We did not uncover methylation in any of the nine genes tested in two patients (Patients 11 and 25). Eventual identification of new renal cancer-specific tumor suppressor genes and their genetic and epigenetic studies may provide additional markers for such patients. Interestingly, in one of these cases (Patient 11; pT2, grade II–III) we previously found loss of heterozygosity only in one microsatellite marker in the tumor, and no loss of heterozygosity or microsatellite instability was detected in the matched urine and serum samples. Thus, it is possible that some kidney tumors do not generate or contribute sufficient DNA into the urine for this analysis.

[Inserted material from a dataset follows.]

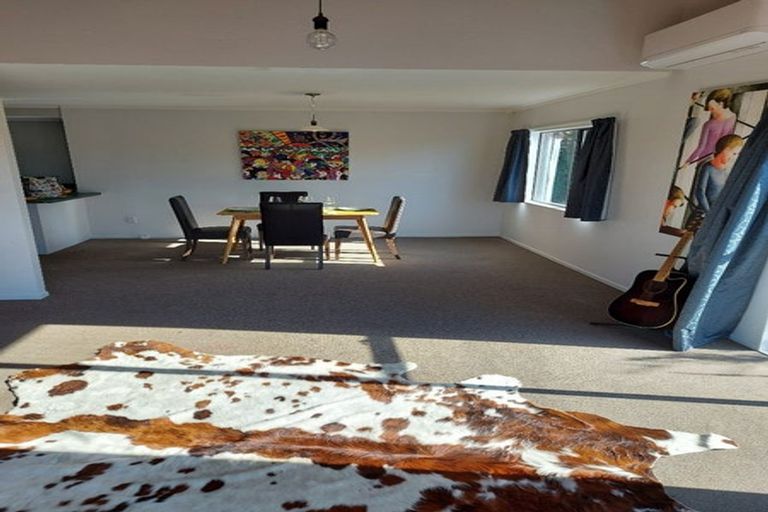 Photo of property in 47 Ambler Avenue, Glen Eden, Auckland, 0602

During the preparation of this manuscript, Battagli et al. (35) published the results of testing five of the nine genes analyzed in our study, including APC, ARF, p16, RASSF1A, and TIMP3, in primary kidney tumors and matched urinary sediment. Although conventional MSP is not comparable with QMSP, our results principally confirm the results presented in their study for these particular genes. In contrast to their reported 100% specificity for RASSF1A and TIMP3, we found reduced specificity probably because of the detection of low levels of methylated allele by quantitation. Importantly, the addition of the VHL marker from their panel would likely improve the sensitivity of our QMSP assay. The QMSP assay provides several distinct advantages over conventional MSP: (a) omission of all of the postamplification steps reduces the risk of contamination and increases the throughput of the system; (b) the assay is more stringent and more specific because in addition to the two PCR primers, the fluorescent-labeled hybridization probe has to anneal correctly between the two primers; (c) the assay is quantitative, automated, and readily adaptable to clinical setting and screening studies; and (d) the assay is amenable to multiplex amplification for the analysis of panels in clinical samples. At present, we can use four different dyes for the amplification of four distinct markers, but further developments in dye chemistry will improve the multimarker diagnostic approach (presently, we can use four different dyes in Taqman technology) from nanogram quantities of low molecular weight DNA. These advances are unlikely to follow in conventional MSP.

Although the sensitivity of current cytologic analysis is low, it is routinely performed for bladder cancer. Diagnostic tools that would provide high specificity and sensitivity would clearly be of enormous benefit to patients, particularly if the specimens could be obtained by noninvasive means. To this end, the detection of aberrant methylation in urine sediment or serum DNA may offer a promising approach for the noninvasive diagnosis of renal cancer. This method is highly specific and correlates with tumor methylation status. Apart from early detection, it would be interesting to see whether the detection of aberrant methylation in the urine or serum DNA could be used to monitor disease progress after curative surgery. If methylated DNA disappears shortly in urine or serum after curative surgery, the reappearance of these markers may suggest recurrence of disease that may require more intensive screening and aggressive treatment. Additional studies are necessary to elucidate the role of detecting aberrant methylation in urine or serum as a tool for early detection and surveillance of renal cancer. If our results are confirmed in larger studies, the panel easily could be expanded in the future to simultaneously provide molecular staging and prognostic information in addition to detection. We hope that our findings reported here will provide a stimulus for such future studies.